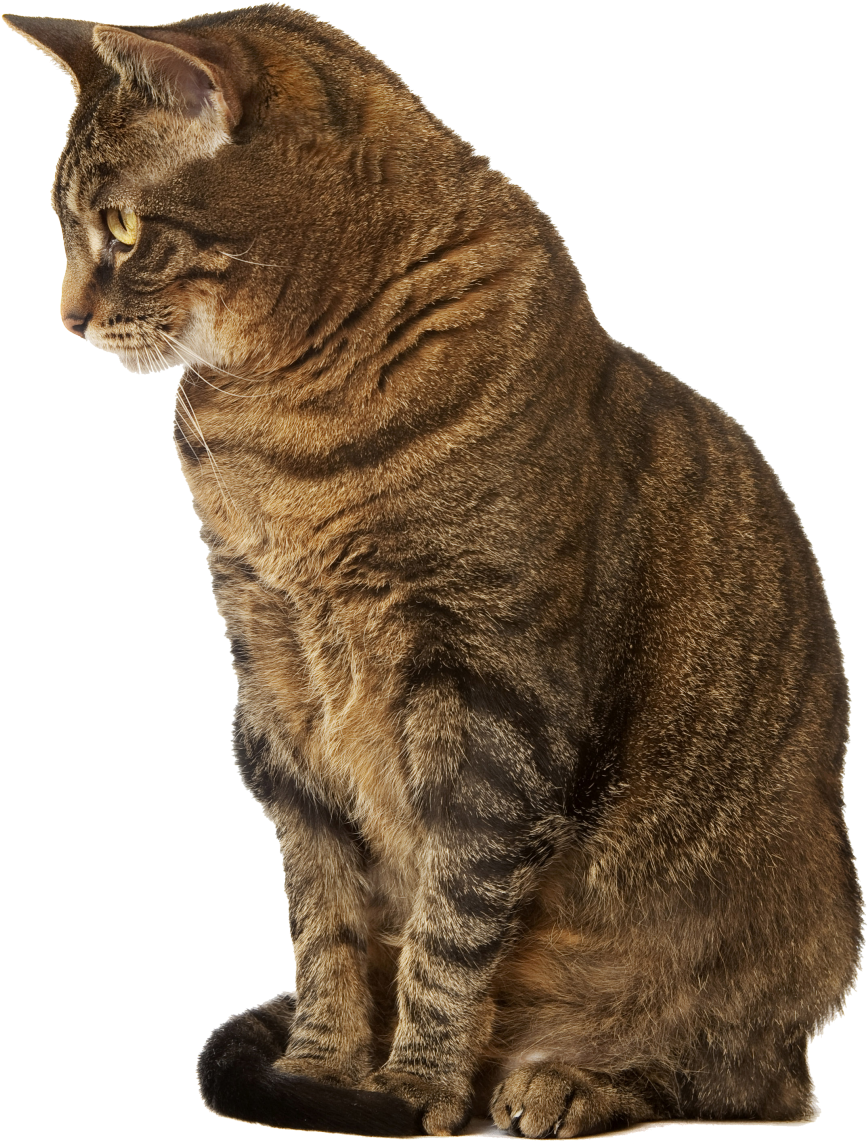 With Blood Clots Veterinary Transparent Background - Sitting Cat No Background Clipart (943x1200), Png Download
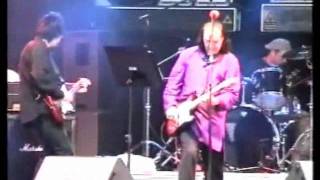 Dave Davies - You're Looking Fine (Live in Potsdam 2004)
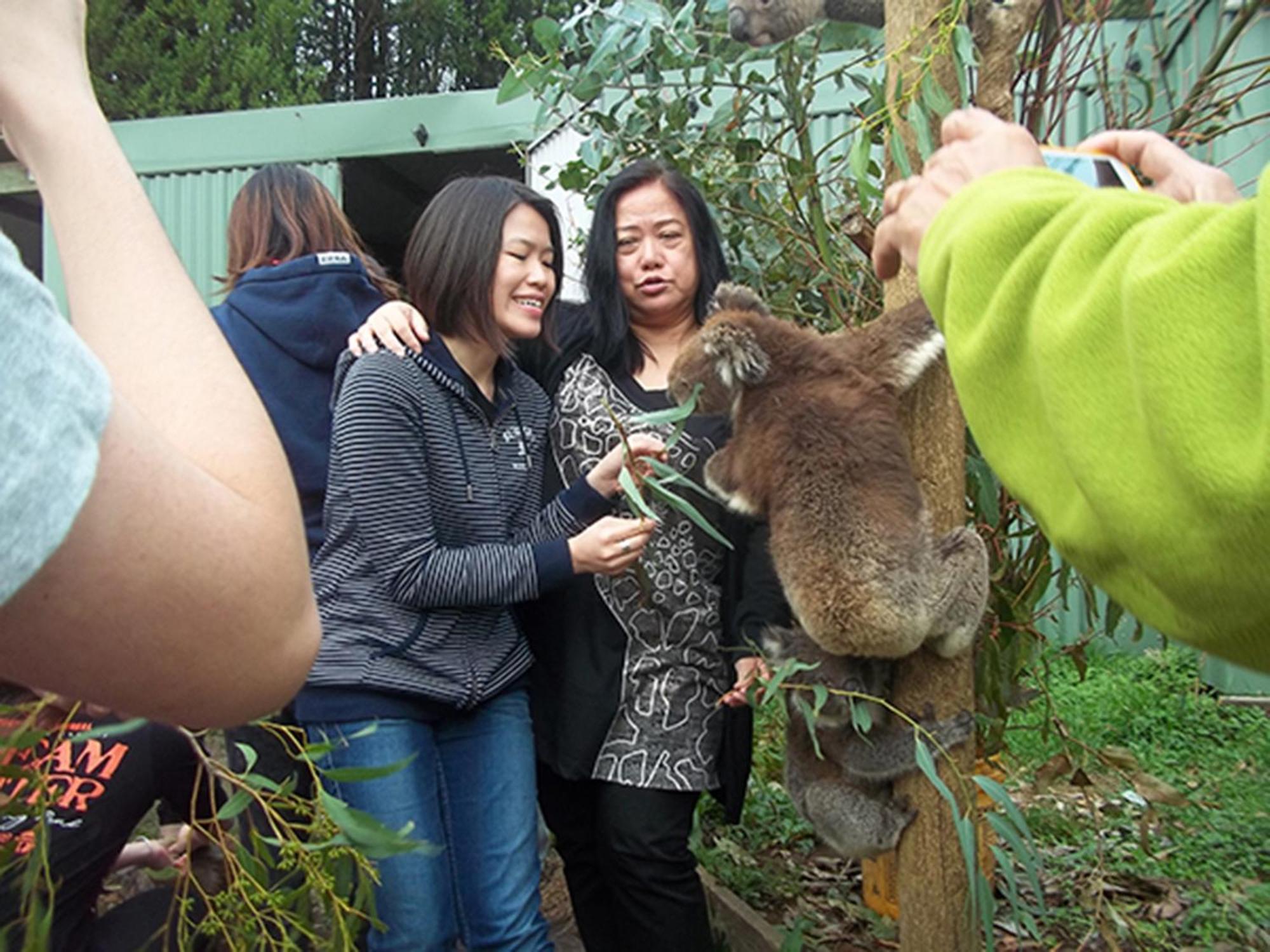Fauna Australia Wildlife Retreat Lavers Hill Esterno foto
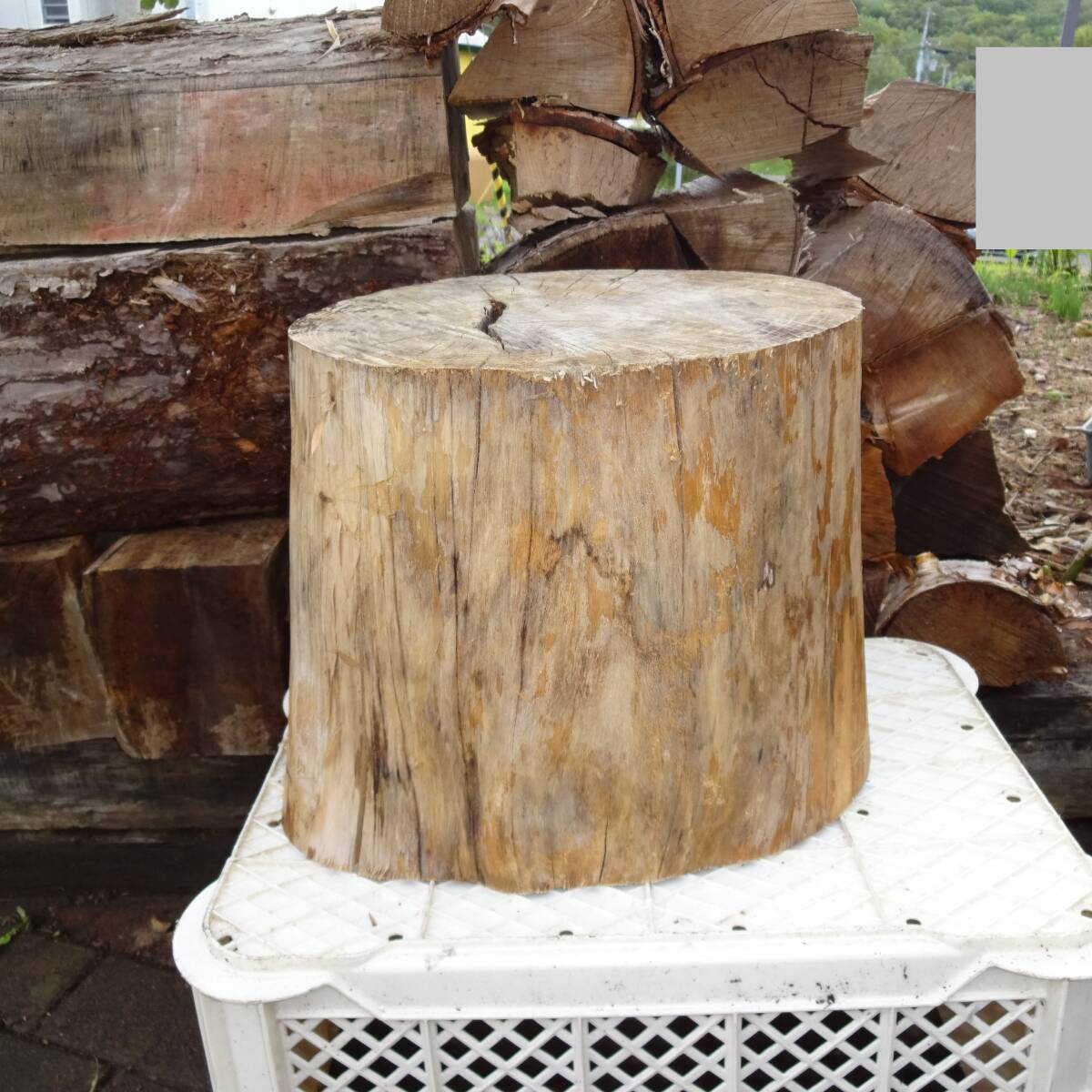 楢材丸太作業台 丸太作業台 ナラ材 高さ29.5cm 薪割り台 天然木 北海道産ナラ材拍卖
● ● ●
All lines above are to be restated word for word, with pictures excluded.

 With Blood Clots Veterinary Transparent Background - Sitting Cat No Background Clipart (943x1200), Png Download
 Dave Davies - You're Looking Fine (Live in Potsdam 2004)
Fauna Australia Wildlife Retreat Lavers Hill Esterno foto
 楢材丸太作業台 丸太作業台 ナラ材 高さ29.5cm 薪割り台 天然木 北海道産ナラ材拍卖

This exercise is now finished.